Data extract:

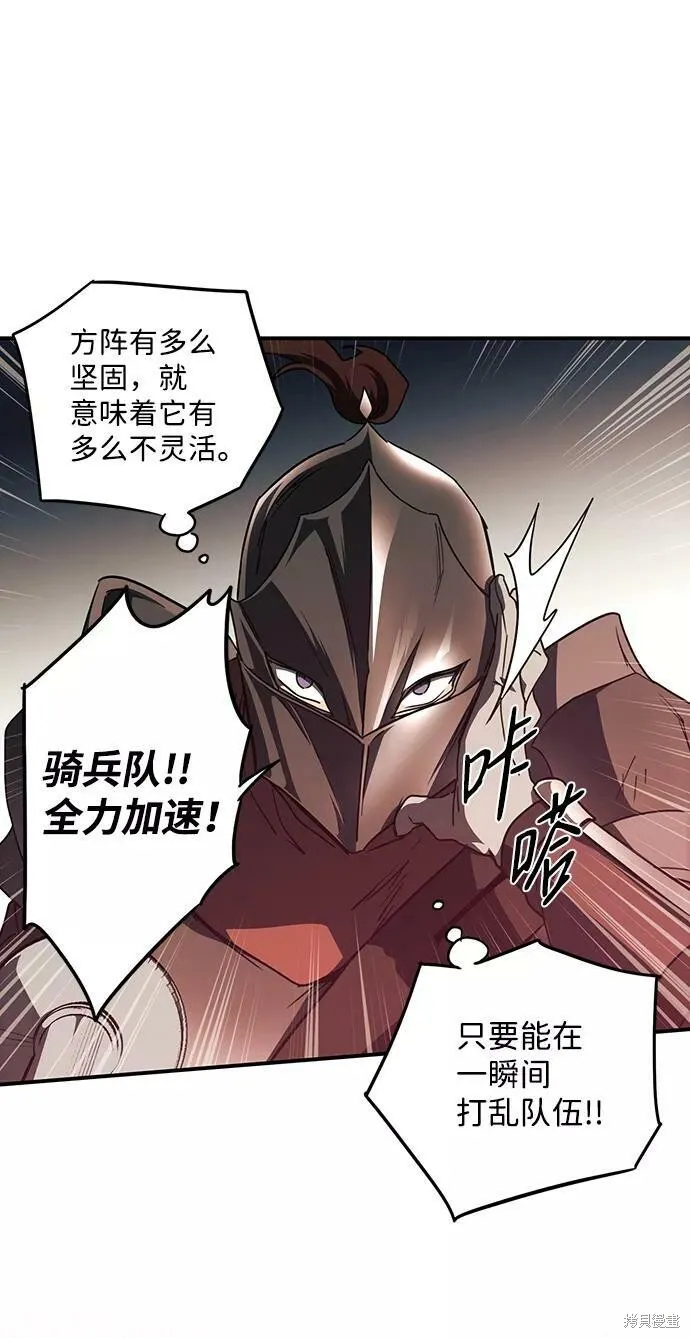 87 第20页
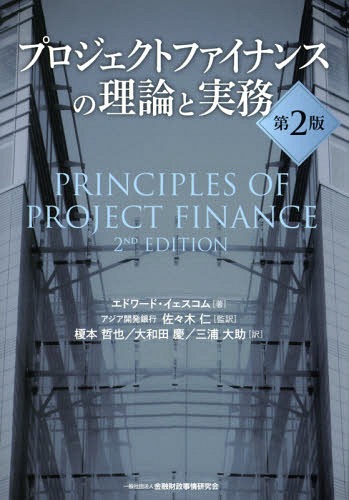 [書籍]/プロジェクトファイナンスの理論と実務 / 原タイトル:Principles of Project Finance 原著第2版の翻訳/エドワード・イェスコム/著 佐々木仁/監訳 榎本哲也/訳 大和田慶/訳 三浦大助/訳/NEOBK-1716904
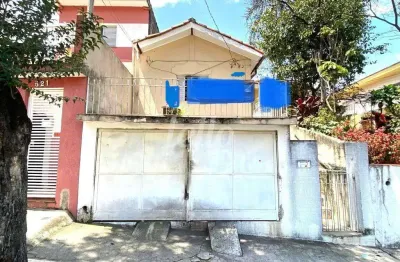 Terreno à venda na rua barão do serro largo, 527, vila regente feijó, são paulo, 150 m2 por r$ 700.000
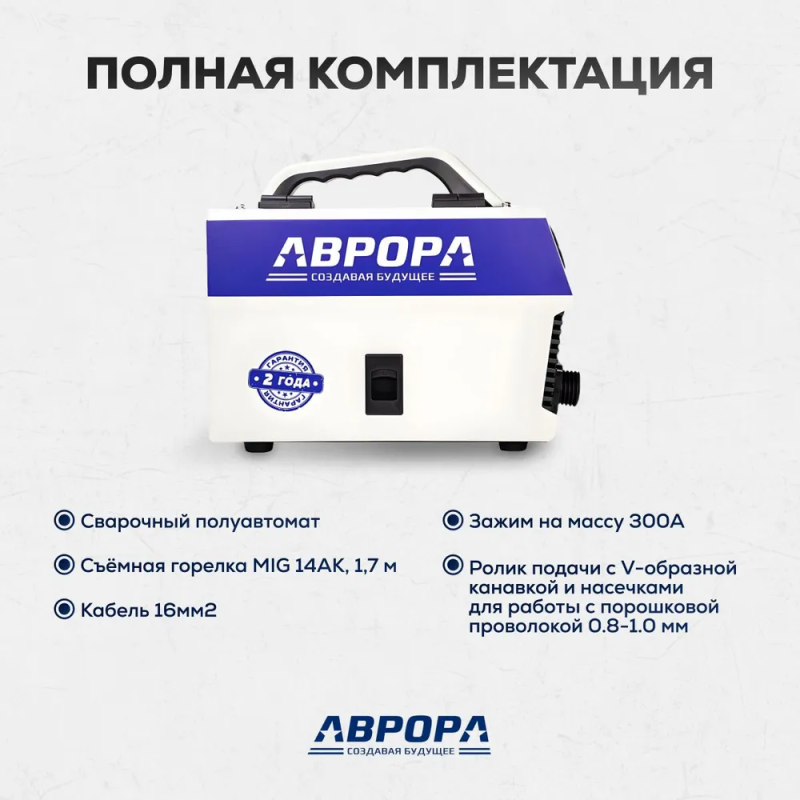 Сварочный полуавтомат Аврора СТАНДАРТ 140 — изображение 8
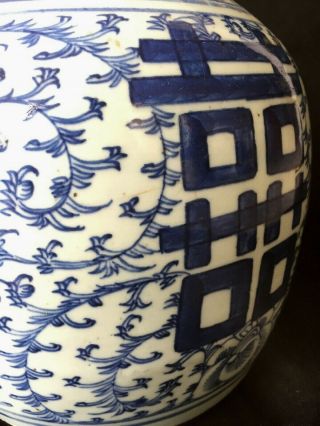 Antique Chinese Blue And White Porcelain Ginger Jar Double Happiness 7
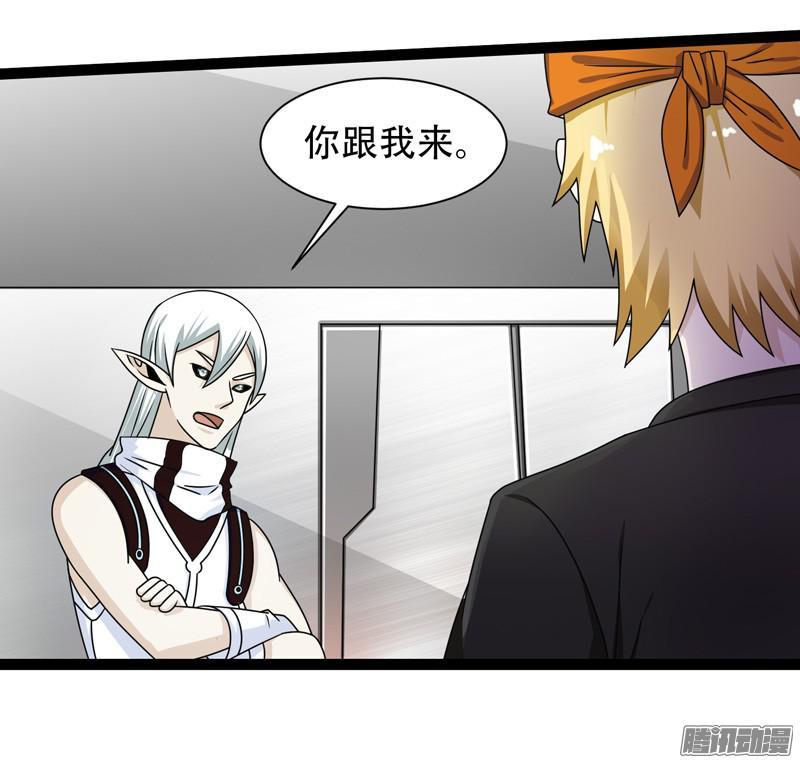 《致幻毁灭者》613 第18页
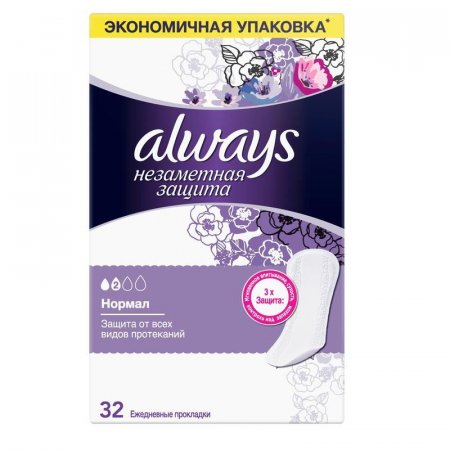 Прокладки женские ежедневные Always Normal Duo Незаметная защита (32 штуки в упаковке)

Exercise objective:
Your answer must consist only of the lines from the one containing "Сварочный полуавтомат Аврора" through the end of the entries, restated word for word, with no pictures.

Answer to this exercise:
 Сварочный полуавтомат Аврора СТАНДАРТ 140 — изображение 8
 Antique Chinese Blue And White Porcelain Ginger Jar Double Happiness 7
 《致幻毁灭者》613 第18页
 Прокладки женские ежедневные Always Normal Duo Незаметная защита (32 штуки в упаковке)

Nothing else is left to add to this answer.